製作者が意図して組み込み・公開した機能は仕様でありチート行為とは称されない,非公開機能や仕様バグ,実装バグを用いた「バグ技」はその名の通りチート行為である。(Wikipedia引用)

 男が転生する前のオタク界隈では異世界チートという使い方ではプラスな捉え方,ゲームでは相も変わらず否定的な意味で使われている。何が言いたいのかというと,仮に男にチートがあったとしてそれが世界へ多大な影響を与えるものなのか。それが気になったのだ。世界の根幹へ悪影響を与えるような能力なのか,異世界転生などである埒外な力なのか。前者であれば,無暗矢鱈に使うものではない。後者であれば,出力の調整のためにも早めからの訓練が必要だ。

 未だ赤子ではあるものの,男の知る創作物では大体力に目覚め周囲の人間の度肝を抜いた。男は無意識に,自分も同じ立場であると考えてしまっていた。転生しても,能力を持たない創作物があること等,微塵も考えていなかった。なにより,この男は異世界小説は嗜むが英雄譚等は全くで,某運命のゲームで英雄の名前を知っているくらいでその最期を知らなかったりするため。強大な力を持った結果を想像できていなかったのも問題の一つであった。

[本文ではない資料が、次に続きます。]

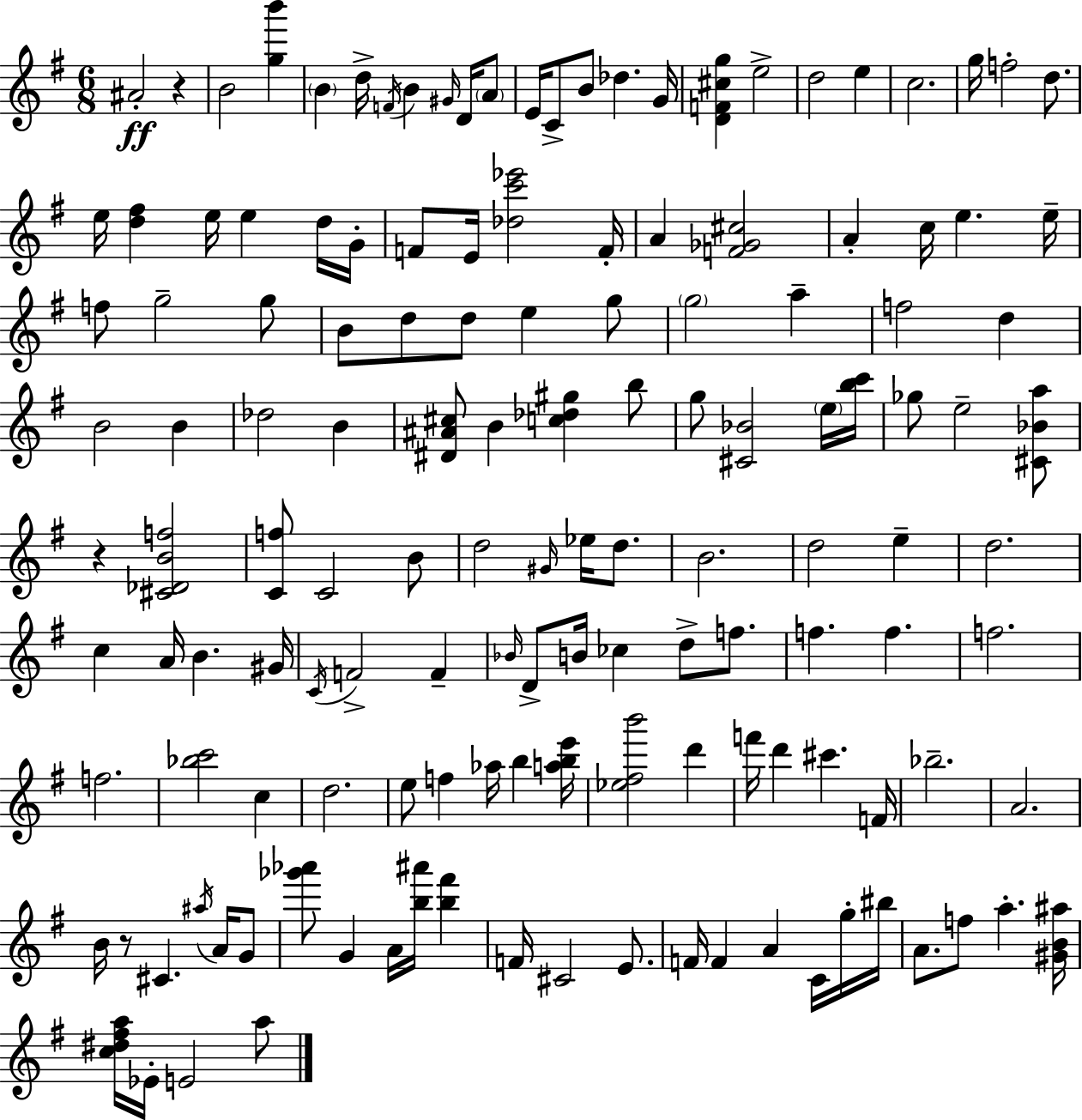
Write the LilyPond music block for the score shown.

{
  \clef treble
  \numericTimeSignature
  \time 6/8
  \key e \minor
  ais'2-.\ff r4 | b'2 <g'' b'''>4 | \parenthesize b'4 d''16-> \acciaccatura { f'16 } b'4 \grace { gis'16 } d'16 | \parenthesize a'8 e'16 c'8-> b'8 des''4. | \break g'16 <d' f' cis'' g''>4 e''2-> | d''2 e''4 | c''2. | g''16 f''2-. d''8. | \break e''16 <d'' fis''>4 e''16 e''4 | d''16 g'16-. f'8 e'16 <des'' c''' ees'''>2 | f'16-. a'4 <f' ges' cis''>2 | a'4-. c''16 e''4. | \break e''16-- f''8 g''2-- | g''8 b'8 d''8 d''8 e''4 | g''8 \parenthesize g''2 a''4-- | f''2 d''4 | \break b'2 b'4 | des''2 b'4 | <dis' ais' cis''>8 b'4 <c'' des'' gis''>4 | b''8 g''8 <cis' bes'>2 | \break \parenthesize e''16 <b'' c'''>16 ges''8 e''2-- | <cis' bes' a''>8 r4 <cis' des' b' f''>2 | <c' f''>8 c'2 | b'8 d''2 \grace { gis'16 } ees''16 | \break d''8. b'2. | d''2 e''4-- | d''2. | c''4 a'16 b'4. | \break gis'16 \acciaccatura { c'16 } f'2-> | f'4-- \grace { bes'16 } d'8-> b'16 ces''4 | d''8-> f''8. f''4. f''4. | f''2. | \break f''2. | <bes'' c'''>2 | c''4 d''2. | e''8 f''4 aes''16 | \break b''4 <a'' b'' e'''>16 <ees'' fis'' b'''>2 | d'''4 f'''16 d'''4 cis'''4. | f'16 bes''2.-- | a'2. | \break b'16 r8 cis'4. | \acciaccatura { ais''16 } a'16 g'8 <ges''' aes'''>8 g'4 | a'16 <b'' ais'''>16 <b'' fis'''>4 f'16 cis'2 | e'8. f'16 f'4 a'4 | \break c'16 g''16-. bis''16 a'8. f''8 a''4.-. | <gis' b' ais''>16 <c'' dis'' fis'' a''>16 ees'16-. e'2 | a''8 \bar "|."
}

 兎も角,男は最初は力んだり手を開いたり閉じたりしていた。言葉にもならない呻き声上げたこともあった。しかし,成果は無かった。なんなら,力んだせいで悲惨なことになっていた。

 如何にかポジティブに捉えて精神の均衡を取ろうとしていた。チートなんてその最もたる例だ。芳しくない結果から,男は成長してから発動するタイプのであると考えることにした。そして,ある程度自身で動くことが出来るようになるまでの数年をあるかもどうか分からないチートへの妄想に費やすこととなった。